Technological innovations, including artificial intelligence (AI), edge computing, and universal automation, have recently proliferated and converged across the industry. Plant managers and their teams now face the daunting challenge of assimilating the new trends into their operations.
New technology means more than just disruption and their rewards for investment and change can include:
- Increased productivity
- Lower development and production costs
- Improved product quality
- New product innovation
- Enhanced competitiveness
Three technologies leading the future of manufacturing
Key technology innovations contribute to achieving new industry manufacturing productivity and competitiveness goals and can complement each other:
- Artificial intelligence – AI and machine learning (ML) algorithms enhance real-time data analysis for more accurate predictions and minimize problems like product defects. Repetitive tasks prone to human error are now easily automated. AI learns production patterns and behaviors so staff can manage output more quickly and efficiently, reserving time and skills for complex problem-solving and innovation. For instance, manufacturers can use AI to evaluate plant equipment conditions and predict when maintenance should be performed, lowering unanticipated downtime.
- Edge computing – Edge computing implies a network of geographically distributed computing devices that, while capable of cloud connection, are not exclusively supported by cloud services. For low-latency applications, a centralized cloud computing model may struggle to process all remote data with acceptable response times. For this reason, much of the data produced across manufacturing lines will never be transmitted to the cloud. Still, they will be processed at the network’s edge, providing flexible computation, data storage, and communication to large numbers of users who work close to their machines. Instant access to machine data helps to drive faster and more accurate production decisions.
- Universal automation – Universal automation represents “plug and produce” automation software components — akin to an industrial app store. It decouples hardware from software to create portable, interoperable, and software-centric industrial automation systems. These systems can drive significant improvements across the entire operational lifecycle.
Harnessing the collaborative power of the three technologies
Using the Food and Beverage industry as an example, let’s consider how AI, edge computing, and universal automation converge to boost productivity and lower costs.
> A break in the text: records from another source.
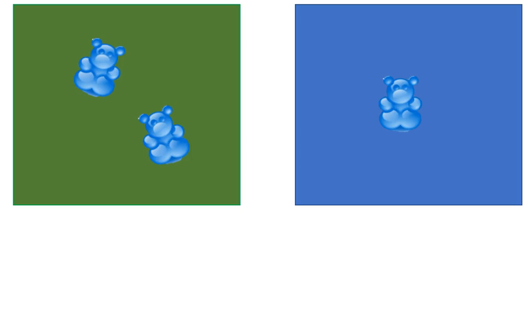At this point we'll have the students take out three bears, give them a piece of green paper and a piece of blue paper and have them practice telling the same story with a partner. Moving two bears into the field and one bear into the water.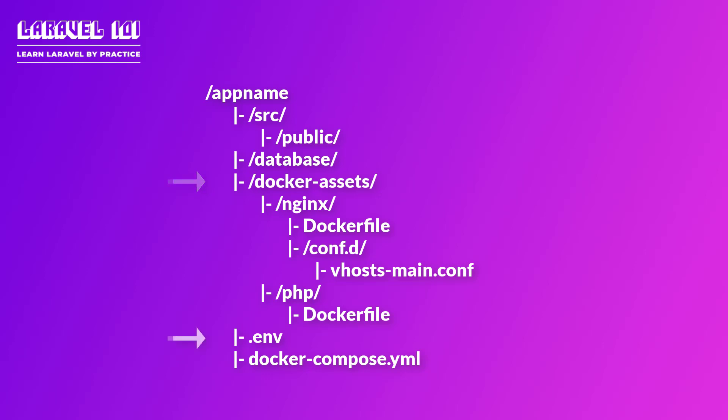In the project root directory we'll have an env file where we are going to store some project specific environment variables such as project name, database credentials and so on. And finally we'll have a docker compose file where we define our docker services.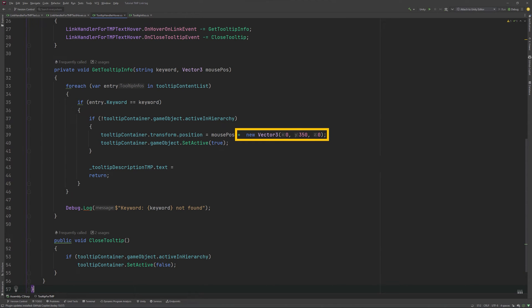I am additionally adding a Y offset of 300 to have the tooltip be displayed above my mouse cursor. Luckily for this tutorial, I won't run into any edge cases so I can ignore those for now. Your value might look different depending on the size of your tooltip box. Instead of displaying the keyword, we will of course be displaying the description instead.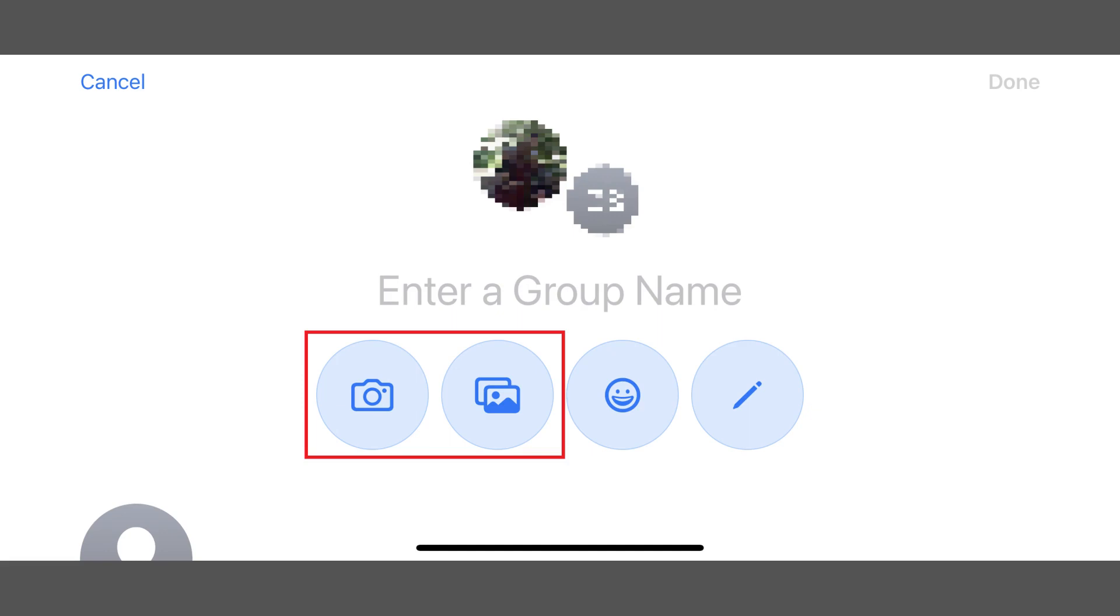Step 5. Tap to choose the picture you want to use. A screen is displayed where you can move and scale the photo. Adjust the photo, and then tap Choose.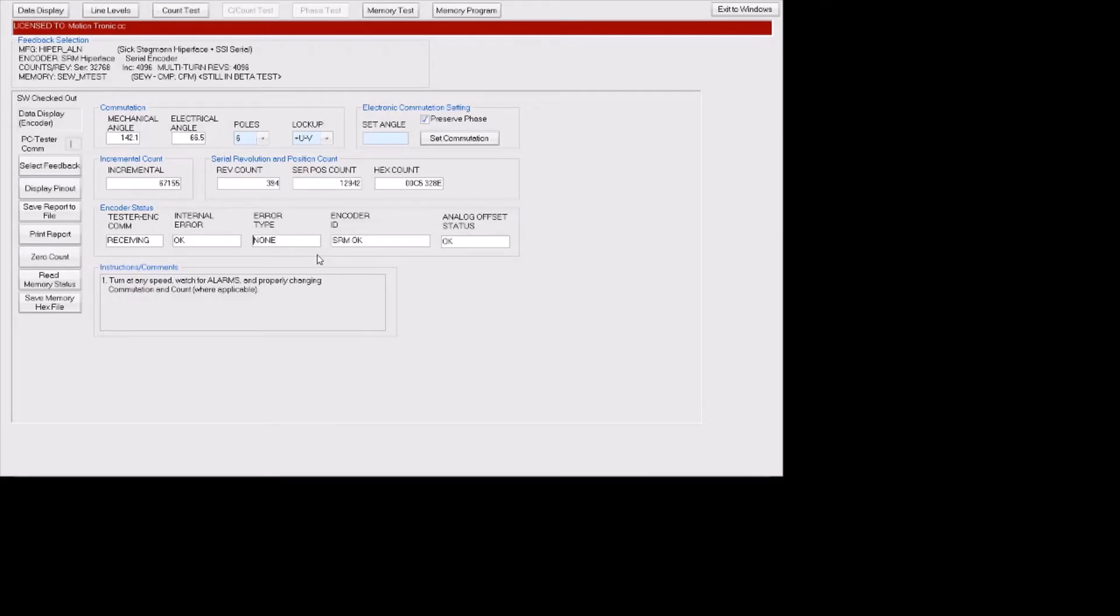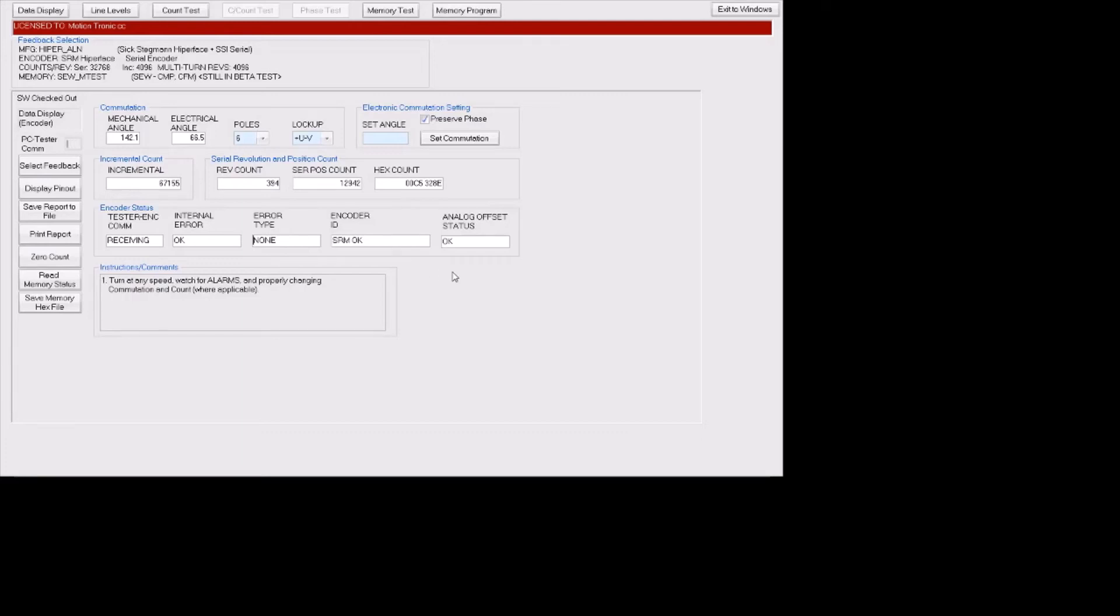We also have encoder status. The software allows us to see whether we are receiving communication from the encoder, whether or not the encoder has any internal errors, and if it does have errors, what type of errors we are receiving. It also identifies the encoder automatically for us.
Software platforms like Schneider Electric’s EcoStruxure Automation Expert, a universal automation tool with a hardware-agnostic virtual controller, can help streamline machine design for OEM engineers by integrating AI and edge computing capabilities more efficiently.
Imagine an online packaging machine for assorted gourmet chocolates. If it fails to place the chocolates precisely in the correct locations in the box, the box will be rejected and require manual repackaging, slowing down output and reducing profitability.
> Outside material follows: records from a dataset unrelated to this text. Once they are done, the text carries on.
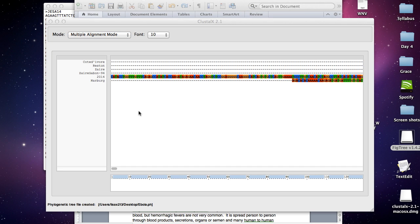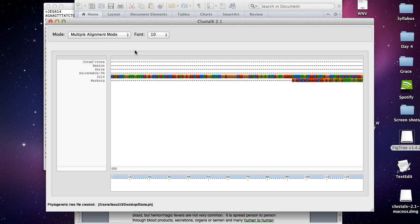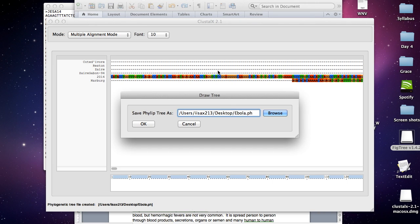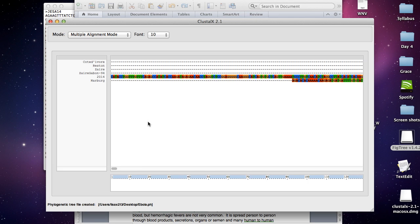OK, we're back. Finally it finished aligning all the sequences. Now we can continue and actually calculate the genetic relationship of the sequences by clicking trees, and then draw tree. Then it prompts you to save a .ph file, which is good. Click OK.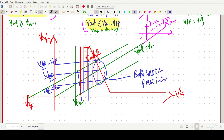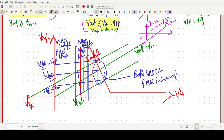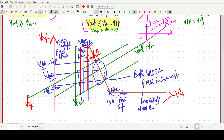To summarize the regions: when VIN < VTN, nMOS is in cutoff and PMOS is in linear. After VTN, nMOS enters saturation while PMOS remains linear. In the middle region between VIL and VIH, both are in saturation. After VIH, nMOS is in linear and PMOS is in saturation. Finally, when VIN > VDD − |VTP|, PMOS is cutoff and nMOS is in linear.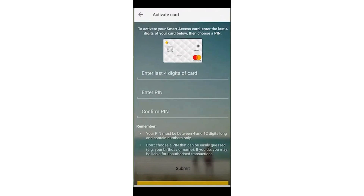On the activation page, enter the last four digits of your card, then enter your PIN and confirm the PIN. Tap Submit to finalize the activation process. By following these steps within the Comebank application, you will be able to successfully activate your Comebank card online.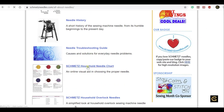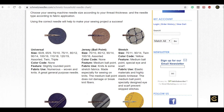Here is the Schmetz household needle chart. Universal comes in these sizes — '60/8,' where 60 is the European metric number and 8 is the American imperial number. Universal has a slightly rounded point and works on numerous fabrics including wovens and knits — a great general purpose needle. Jersey is a ballpoint needle for knits and stretch fabrics. Stretch is specifically for elastic material and high-elastic knitwear — that's the difference between stretch and jersey.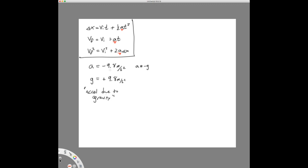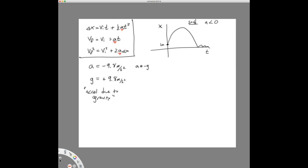Let me explain why there's a minus sign in the acceleration. Imagine we kick a ball straight up in the air — at the moment it leaves your foot it goes up, reaches some max height, then comes back down. Look at the shape of this curve — it is sad, meaning the curve opens downward. That means the acceleration is always a negative number. Acceleration is a vector; it has a direction, and the direction of that vector is down.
However, by integrating AI into the machine (by training cameras to differentiate between a good box of chocolate and a bad one) and using an attached edge computer for real-time decision-making on the conveyor belt path, the machine becomes more autonomous. The machine can make the package and detect its quality without human intervention. EcoStruxure Automation Expert’s event-driven nature helps machine builders more easily integrate the benefits of AI, edge computing, and universal automation. EcoStruxure Automation Expert works with AI to enhance productivity for plant floor workers by reducing error management time and allowing more focus on boosting output and lowering downtime.